New Standard Fosters Wireless PANs for Notebook Computer, PDAs, Cell Phones and Other Portable, Handheld Devices

Contact:
Ian Gifford, +1 978 815 8182, giffordi@ieee.org
Dr. Chatschik Bisdikian, +1 914 784 7439, bisdik@us.ibm.com
Bob Heile, +1 508 222 1393, bheile@ieee.org
Karen McCabe (732) 562-3824, k.mccabe@ieee.org

PISCATAWAY, N.J., March 21, 2002 – The Standards Board of the Institute of Electrical and Electronics Engineers Standards Association (IEEE-SA) has approved the IEEE Standard 802.15.1 ("Wireless MAC and PHY Specifications for Wireless Personal Area Networks (WPANs™)", which is adapted from portions of the Bluetooth™ wireless specification.

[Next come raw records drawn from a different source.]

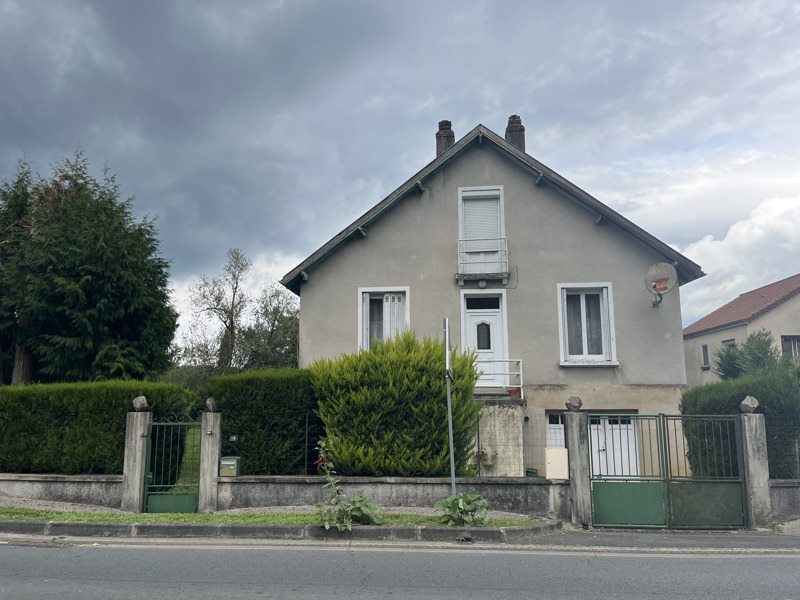 Vente Maison MARSAC SUR L ISLE - 5 pièces -92 m² - (24430)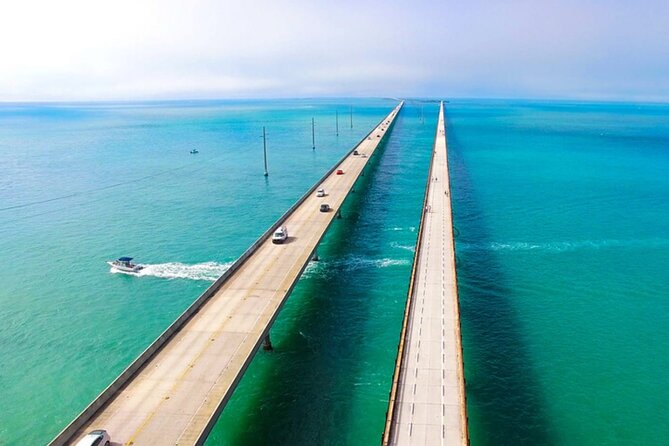 Discover Key West Full Day Adventure Departing from Miami - Who will enjoy this experience most
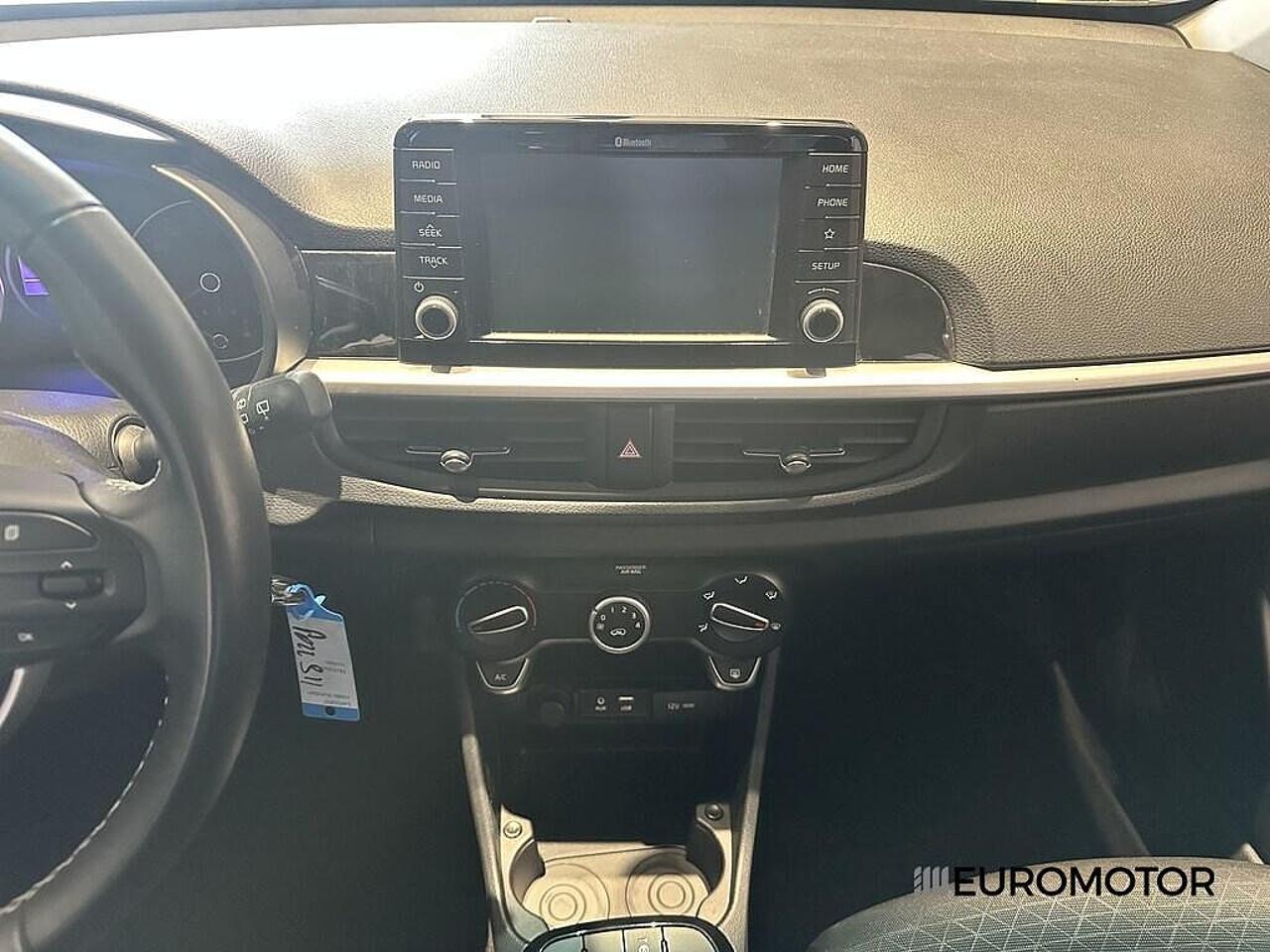 Kia Kia Picanto usata 8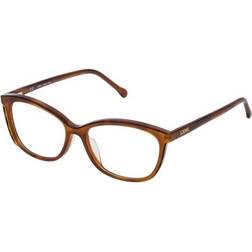 Loewe Ladies'Spectacle VLWA06M530ADP Dark Havana (ø mm)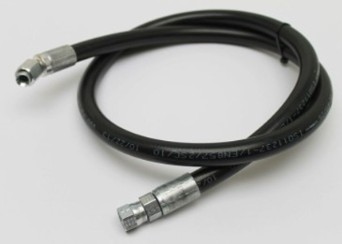 HOSE,ASSY, MAN.L/R MOTOR, GS30 - codice 66826GT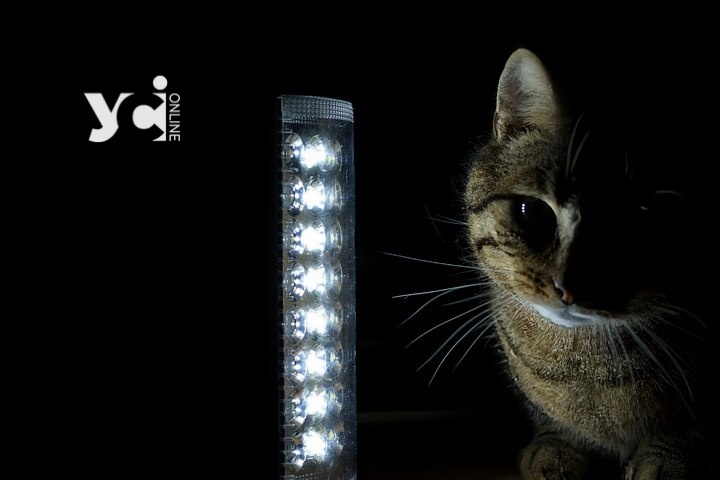 Вночі росіяни знов атакували енергетику Одещини: сьогодні діють графіки відключення світла usionline.com Вночі росіяни знов атакували енергетику Одещини: сьогодні діють графіки відключення світла «фото»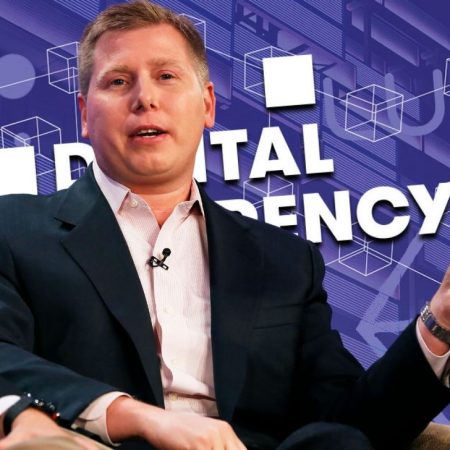 Who is Barry Silbert? Learn about the founder of the DCG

IEEE licensed wireless technology from the Bluetooth SIG, Inc., to adapt and copy a portion of the Bluetooth specification as base material for IEEE Standard 802.15.1-2002. The approved IEEE 802.15.1 standard is fully compatible with the Bluetooth v1.1 specification. Bluetooth technology defines specifications for small-form-factor, low-cost wireless radio communications among notebook computers, personal digital assistants, cellular phones and other portable, handheld devices, and connectivity to the Internet.

“The new standard gives the Bluetooth spec greater validity and support in the market and is an additional resource for those who implement Bluetooth devices,” says Ian Gifford, IEEE 802.15 Working Group Vice Chair. “This collaboration is a good example of how a standards development organization and a special industry group (SIG) can work together to improve an industry specification and also create a standard.

“Under the agreement between the two, the IEEE brought together a great many experts from around the world to scrutinize and enhance the Bluetooth specification. We received thousands of comments, and the Bluetooth SIG applied more than 300 of them to the original Bluetooth spec.”

In speaking about the collaboration, Tom Siep, General Manager, Bluetooth SIG, Inc., says: "The peer review process the IEEE-SA brought to bear in standardizing the lower layers of our specification was an invaluable service; it created many changes and additions that improved the overall document. We appreciate our ongoing relationship with the IEEE-SA."

The IEEE standard also added a major clause on Service Access Points, which includes an LLC/MAC interface for the ISO/IEC 8802-2 LLC, a normative annex that provides a protocol implementation conformance statement (PICS) pro forma, and an informative, high-level behavioral ITU-T Z.100 specification and description language (SDL) model for an integrated Bluetooth MAC Sublayer. This SDL model offers an extensive overview (more than 500 pages long) of a significant portion of the Bluetooth protocols e.g., Baseband, LMP, L2CAP, and the Link Manager (using the host controller interface (HCI)).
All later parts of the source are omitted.